In short, the quintessential love story. Or is it? According to the Israeli scholar Yael Ziegler, the book of Ruth is not a love story at all and should not be read as one. Is Ziegler right? Borrowing heavily from her excellent recent study, From Alienation to Monarchy, I’ll present her case and then argue against it.

Exhibit A in the anti-love-story case is the character whose plight is front and center in the book: neither the Moabite Ruth nor the Judean Boaz but Ruth’s mother-in-law Naomi. Naomi’s husband Elimelekh and both of her sons have died in Moab; her daughter-in-law Orpah has heeded her urgings to seek another husband in Moab; and Naomi is now returning to Bethlehem penniless and bereft of all but Ruth, who in contrast to Orpah has rejected her mother-in-law’s instructions and instead “clung” to her. The Hebrew word is davak, which implies more than a physical holding-on, being used most often to describe the ideal relationship between Israel and God:

And Ruth said, “Do not entreat me to forsake you, to turn back from you. For wherever you go, I will go. And wherever you lodge, I will lodge. Your people is my people, and your god is my god. Wherever you die, I will die, and there will I be buried. So may the Lord do to me or even more, for only death will part you and me.”

Such is Ruth’s exceptional love of Naomi, and such indeed is the only kind of love that, in this reading, is central to her book.
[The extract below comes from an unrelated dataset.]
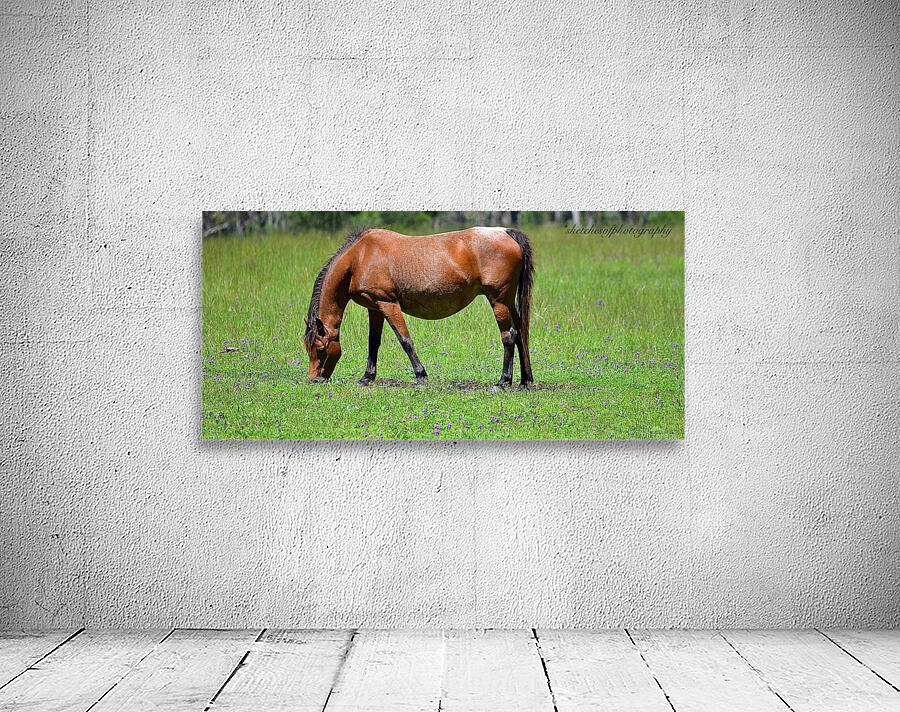 Mare grazing Wall Preview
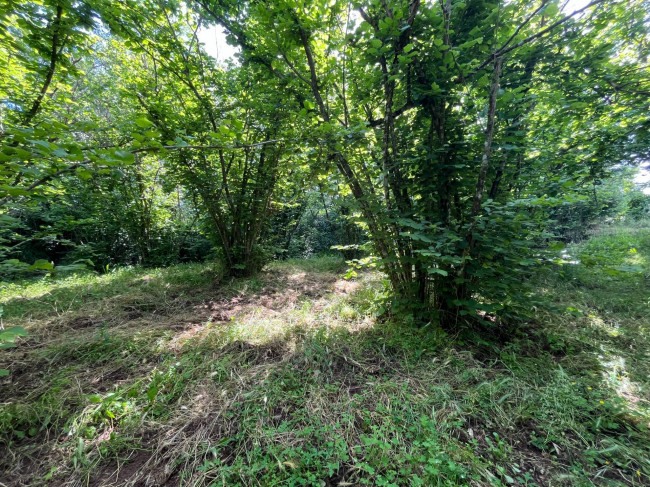 Terreno Agricolo in vendita a Bassano in Teverina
Reinforcing this impression—the case continues—is Ruth’s behavior throughout. In the book’s second chapter she sets out to glean like a pauper so that she and Naomi can eat. Returning from the field, she shares generously of her bounty, obtained at a field belonging to the compassionate Boaz. Chapter 3 shows her setting out again—this time to debase herself, at Naomi’s request, by seducing Boaz. We’ll return to this scene later, but for now the point is the extent of Ruth’s self-denying efforts to support Naomi and raise her up. And so it goes with her act of marrying Boaz. Only once in the book is the word “love” (ahav) actually used: in the immediate sequel to Boaz and Ruth’s marriage where the love referred to is Ruth’s for her beloved Naomi.
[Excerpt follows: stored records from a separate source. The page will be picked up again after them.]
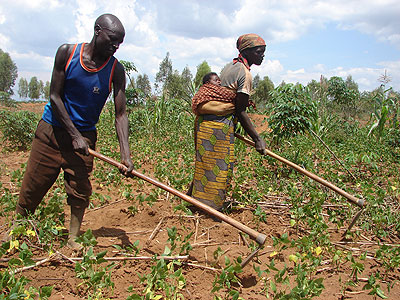Mathias Nsabimana from  Rweru Sector and his wife weed their beans farm. There are fears of possible food shortage in the area in the coming months  over prolonged drought. The New Times/ J Tabaro.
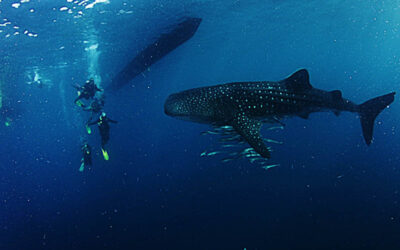 Paket Tour Sehari Hiu Paus Teluk Saleh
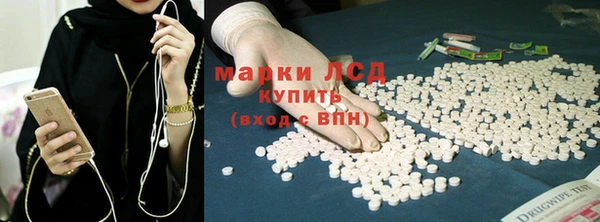 шишки Абаза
And Boaz? Is he smitten by the lovely young widow? Well, for one thing she is never described as lovely; in fact we’re given no physical description at all, even of the minimalist kind common in the stories of the matriarchs of Israel. For another thing, Boaz refers to her affectionately throughout as “my daughter” (the same term used by Naomi), even in response to her seductive arrival alone and in darkness on the threshing floor. That he admires Ruth is emphatically clear—he offers her immense and unexpected kindness on the day they meet and repeatedly praises her for her benevolence and bravery. But one would be hard-pressed to show that this implies romantic love.

So why does he marry her? The answer, Ziegler reminds us, is not hard to find. Boaz is a dutiful man. Those who come to glean in his field are treated generously; is this not the law? Other landowners may flout the law—his own foreman seems reluctant to let the Moabite beggar girl exercise her right to pick from the fallen produce—but not Boaz. More importantly, he is also a kinsman of Naomi’s deceased husband Elimelekh, which places on him an obligation to redeem the family’s land. He must step up, and, being a dutiful man, he will.

In the episode at the center of the fourth and final chapter, Boaz alerts a man who is also a kinsman—a nearer kinsman—to Naomi that he can (or must? or should?) play the part of the redeemer. But to this he adds a caveat: it is impossible, he claims, to buy Naomi’s land, and thus save her from destitution, without also choosing to marry Ruth. This strong connection between the law of redemption (g’ula) and that of levirate marriage (yibbum) is not drawn anywhere else in the Hebrew Bible. Could it be an invention of Boaz’s on the spot, contrived to bring about a better outcome for Ruth and Naomi than that offered through land redemption by this “near kinsman” alone? Boaz knows, as others in this book seem to know as well, that restoring Naomi to her land will yield her little unless she has an heir to pass it on to.

At this the other kinsman demurs, and so Boaz and Ruth marry. But most of the joy attending their union is owing not to the satisfaction of their own ambitions for mutual happiness but to their shared desire to see Naomi lifted out of poverty and family ruin. When the curtain falls on the book’s final scene, it is the grandmother, Naomi, and not Ruth who holds the infant in her arms, and it is the women of Bethlehem, not Boaz, who look approvingly over her shoulder. Nor do we hear again about Boaz and Ruth being in each other’s company or even conversing; their good fortune seems to have dissolved in the selfless act of restoring Naomi’s fortunes.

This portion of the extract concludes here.